The ice is blown down the river and over the Falls, where it becomes caught as the river narrows near the Hornblower landing. Some of the ice is pushed back up river, which can build up to form an ice jam. Ice jams can be very erosive; ice grinds on the river bed, moves large boulders and alters the shoreline. When wind stops forcing water out of Lake Erie into the river, the water level drops leaving the ice jam aloft like a bridge.
THE ICE BRIDGE
The phenomenon of the ice bridge is a familiar occurence each winter. Usually in January, a mild spell followed by a strong southwest wind breaks up the ice on Lake Erie and sends it down the Niagara River and over the Falls. The wet ice forced up out of the water below the Falls freezes into a huge mass, growing into a structure of considerable size and strength, not unlike a glacier. As shown in this photo of photographers on the ice in the 1890s, visitors to the Falls would often venture out on the ice bridge - vendors would even set up stalls to sell refreshments. Tragedy occurred in 1912, when the ice suddenly broke up and three tourists were killed. Since then going out on the ice bridge has been strictly prohibited.
WHEN THE FALLS STOPPED!
When you look at the mighty Horseshoe Falls, it’s difficult to imagine any force strong enough to stop this gigantic rush of water - yet it is on record that Mother Nature did stop the flow, back in 1848.

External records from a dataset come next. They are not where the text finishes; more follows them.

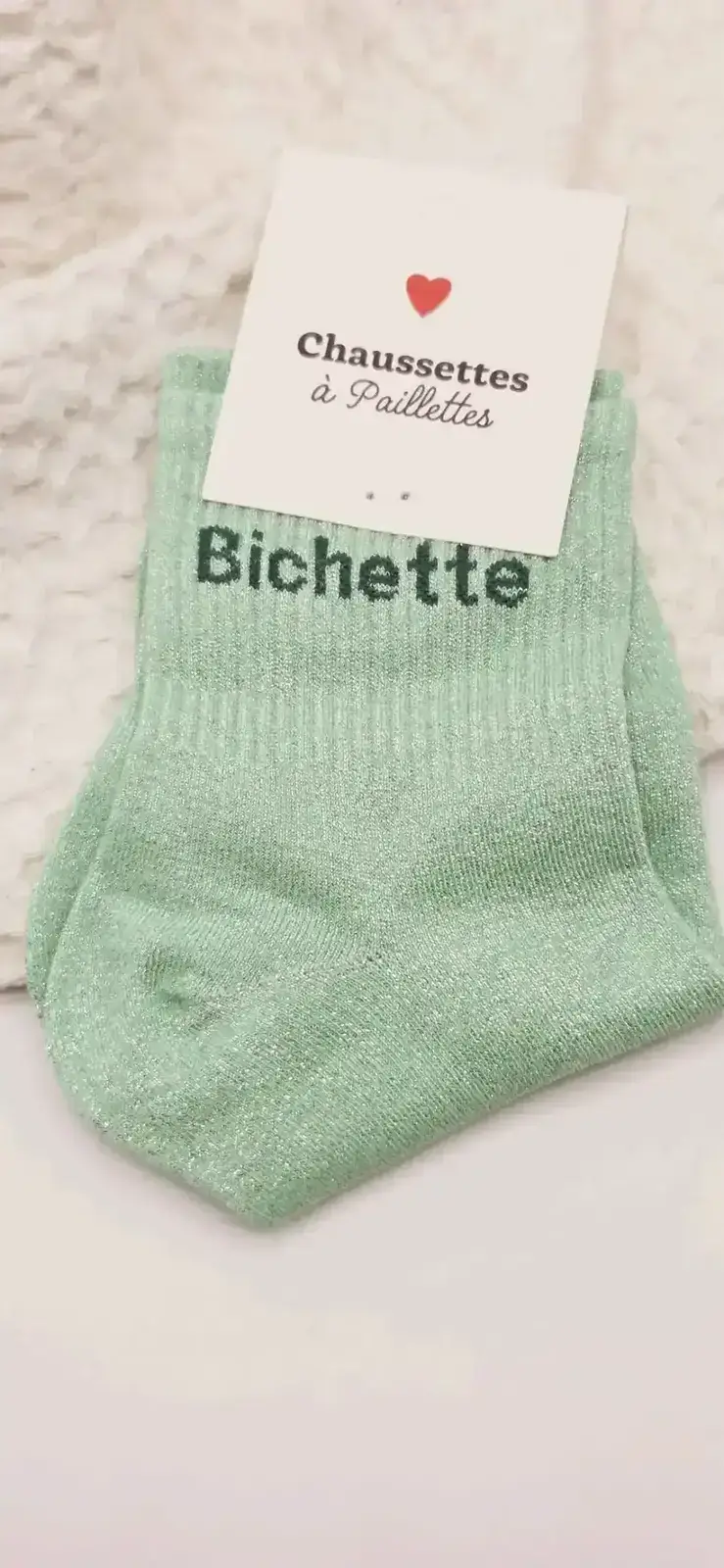 Chaussettes à Paillettes Bichette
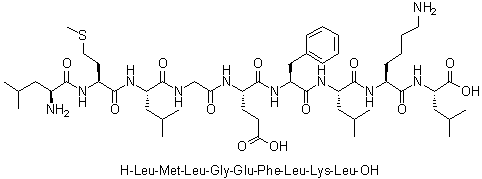 CAS # 335242-17-6, L-Leucyl-L-methionyl-L-leucylglycyl-L-alpha-glutamyl-L-phenylalanyl-L-leucyl-L-lysyl-L-leucine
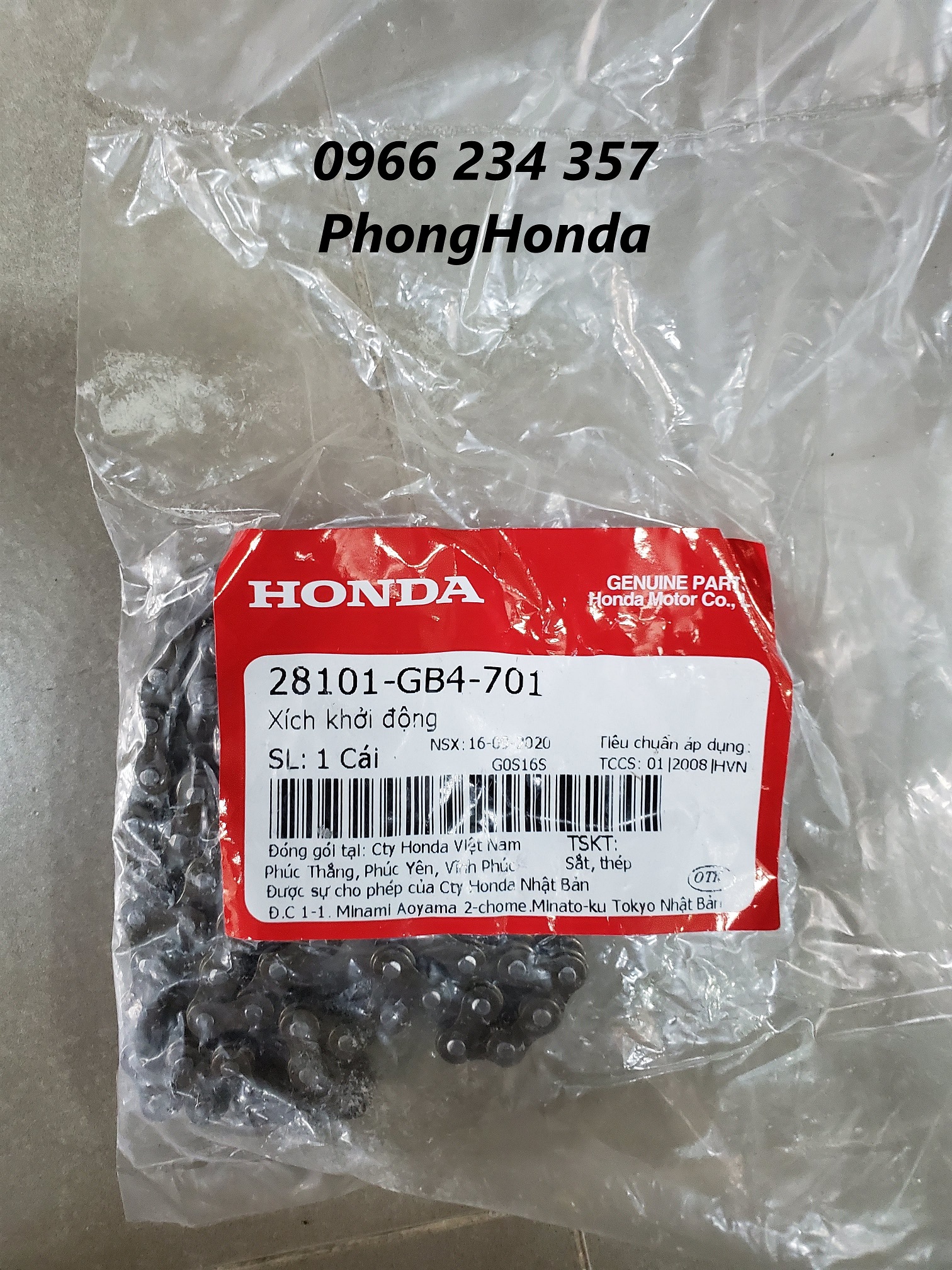 Sên đề wave alpha, super dream chính hiệu honda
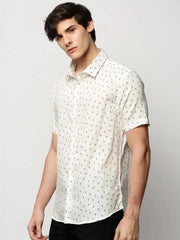 Men White Geometrical Casual Casual Shirts-JUPITERPRINT-1791-White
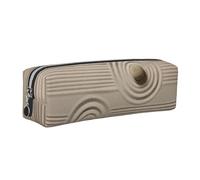 WXWJSHMGC Rocks Over A Rippled Print Leather Pencil Case Simple,with Metallic Zipper Pocket,Storage Pouch for Girls Boys Student College Middle School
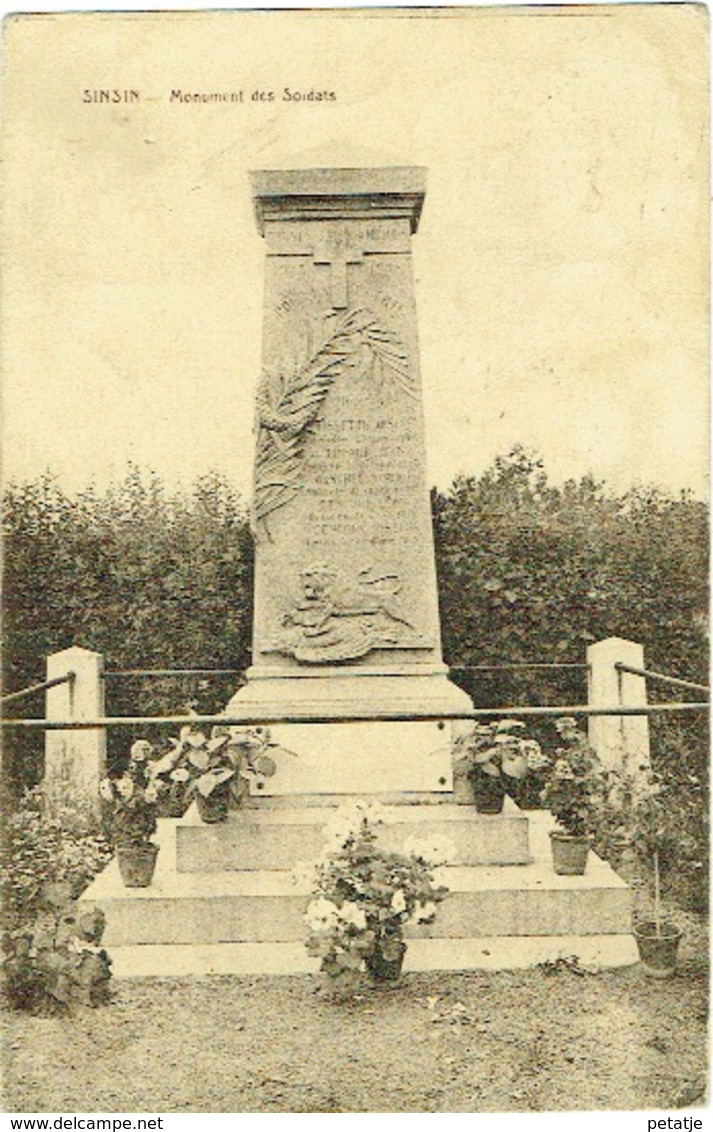 Sinsin , Monument - Somme-Leuze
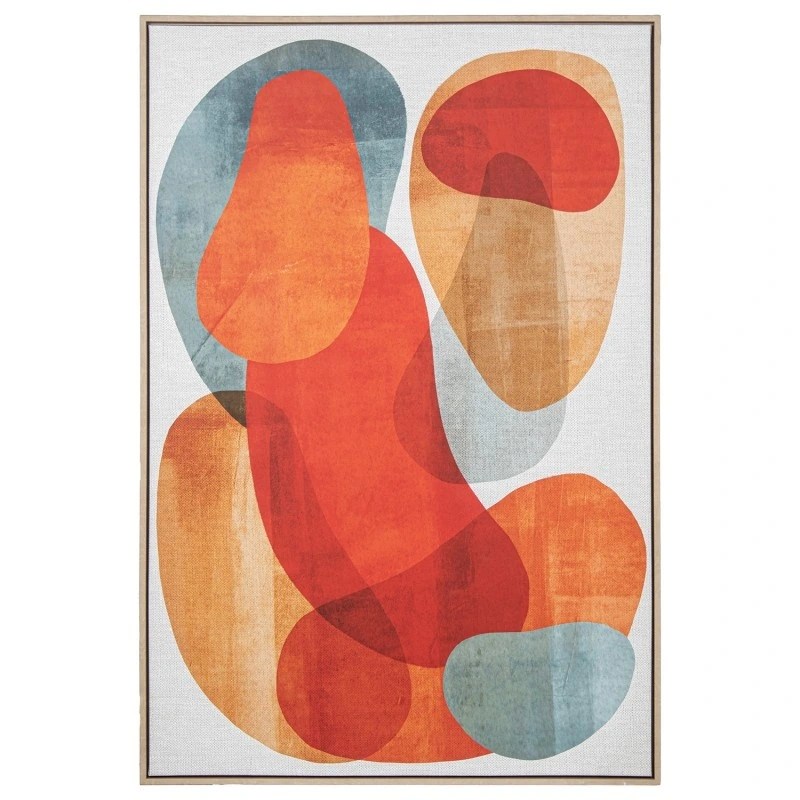 Tableau mural avec cadre en bois naturel – 82,6 x 122,6 x 4,3 cm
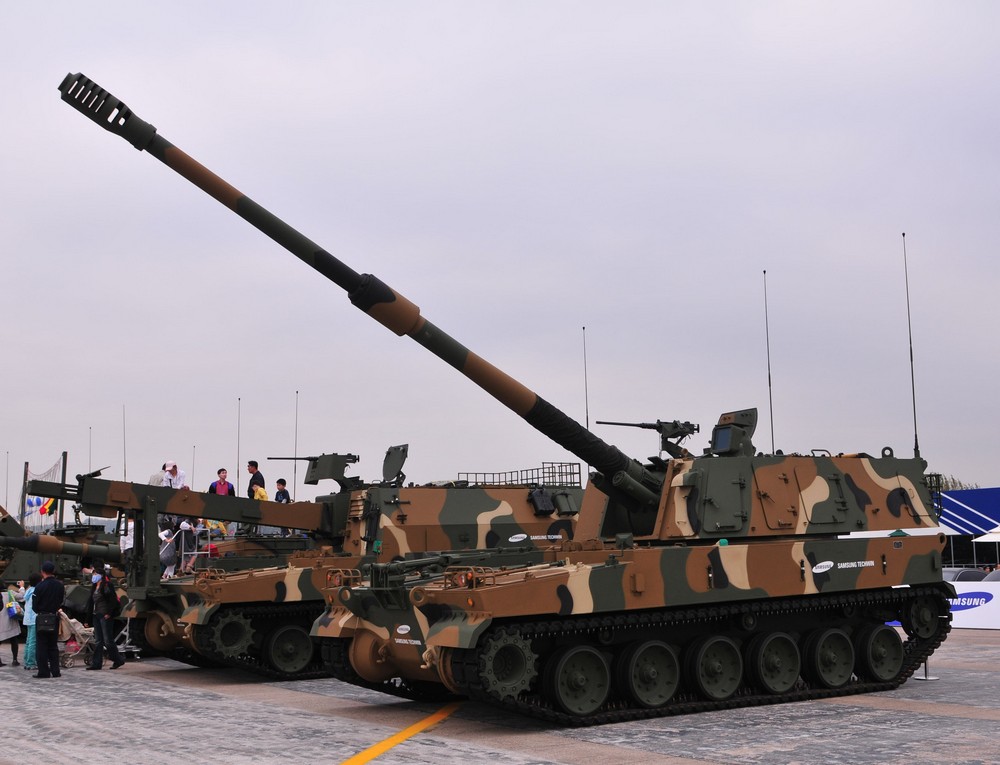 K9 Thunder. Erősítés Dél-Koreából Fotó: Wikipédia 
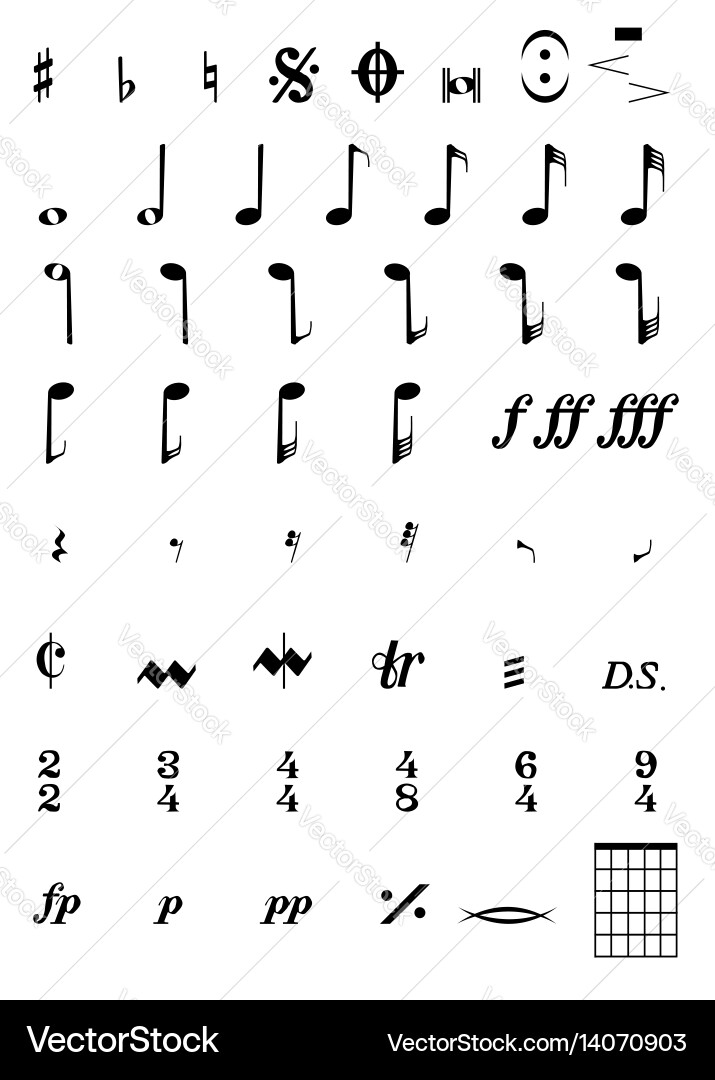 Notes Royalty Free Vector Image - VectorStock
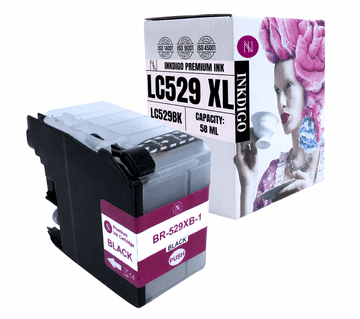 Inkdigo tusz LC529BK kompatybilny z Brother DCP-J100 MFC-J200 DCP-J105 Certyfikat TÜV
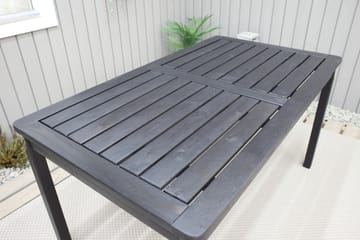 Matbord Utomhus Olivio 135x77 cm - Svart - Utemöbler & utemiljö - Utebord & trädgårdsbord - Matbord utomhus
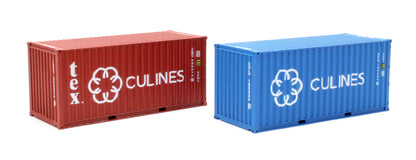 20ft' Container Culines 190334 2/ TBGU 350365 8 Twin Pack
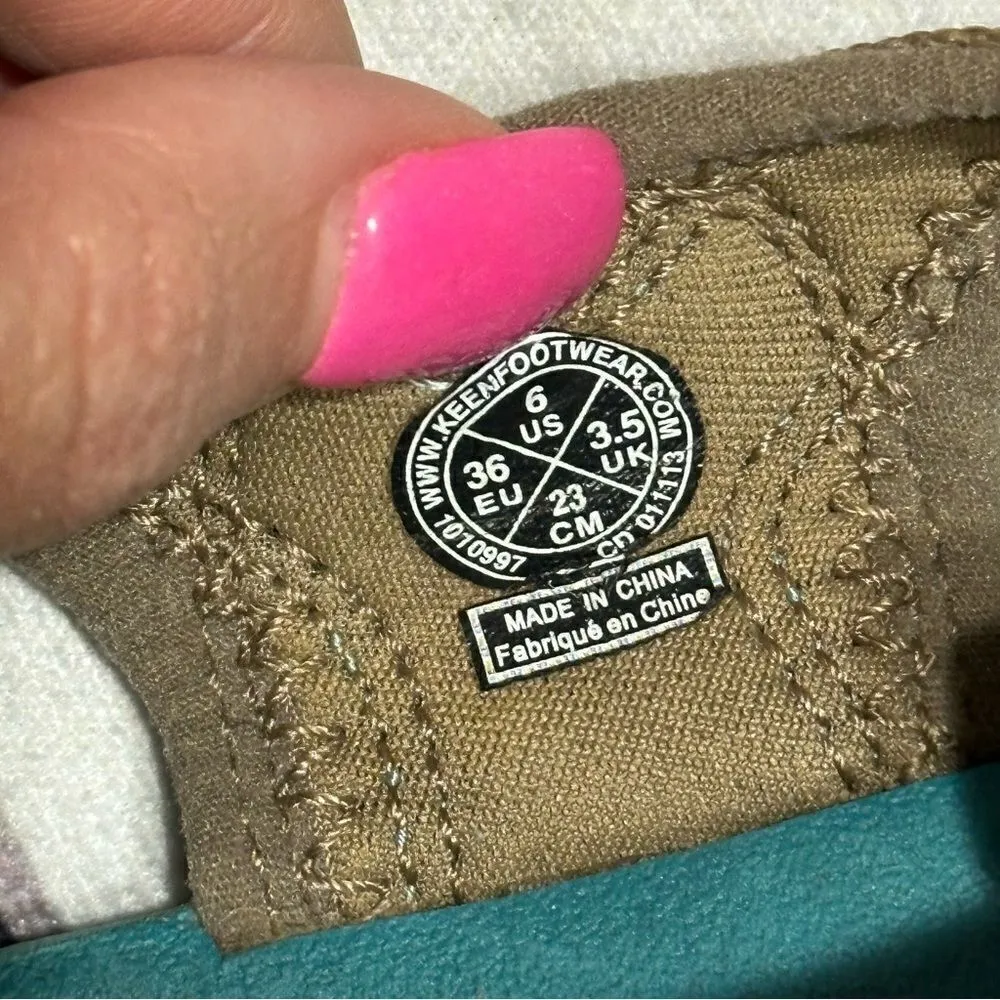 KEEN 'Clearwater CNX' Brown/Turquoise Waterproof Hiking Water Sandals Sz 6 - Image 5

In March of that year, local inhabitants, accustomed to the sound of the river, were greeted by a strange, eerie silence. Niagara had stopped! For thirty long, silent hours, the river dried up and those who were brave enough walked or rode horses over the rock floor of the channel. Then, with a roar that shook the foundations of the earth, a solid wall of water, cresting to a great height, curled down the channel and crashed over the brink of the precipice. Niagara was back in business to the immense relief of everyone.
News traveled slowly in those days but the explanation finally came. High winds set the ice fields of Lake Erie in motion and millions of tons of ice became lodged at the source of the river, blocking the channel completely until finally a shift in the forces of nature released it and the pent up weight of water broke through.